I'm wondering should I take her to that street every time we go on walks now or should I go somewhere different? That's the only area where she wants to walk. When you walk your dog, do you take the same route every time?


----------



## LOVE_BABY (May 5, 2015)

Great! I'm glad she found a street on which she feels comfortable walking! Since you asked, I think if it were me, I would go back to that same street where she liked to walk before & walk her there again regularly, but every time you walk her there at the end of your walk perhaps venture a little bit outside of her comfort zone each time slowly getting her accustomed to some new areas.

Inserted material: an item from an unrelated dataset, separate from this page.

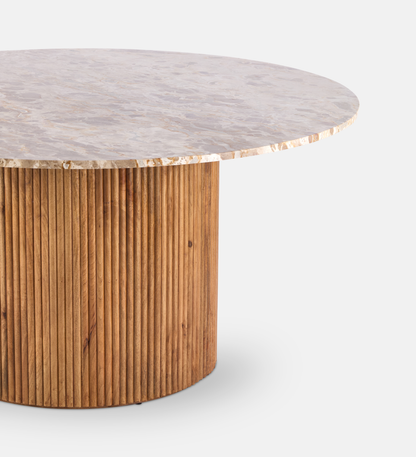 Nasa Round Dining Table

And every now & then perhaps try beginning your walk in a completely new area just to see how she does with it so you can tell if she's gotten over her fear of walking other places or not. 

As for walking my own dog, he will usually walk anywhere I take him but as you already know he gets moody occasionally along the way & will suddenly stop at times to lay in the grass, and also once in a while still lay's down for 'no apparent reason'. He will also do this if he hears a loud scary noise such as loud truck or something go by, then he will cower to the ground & 'hit the dirt' as my Husband & I say. Baby is not a 'perfect' walker but he is so much more improved from when he was a puppy. I think if we had just kept him in the house & had given up & stopped trying back then he probably wouldn't walk at all outside now, I think it's because we kept at it & didn't give up trying that he finally got conditioned to it & got used to it. I'm glad we kept at it because we can take him anywhere with us now.


----------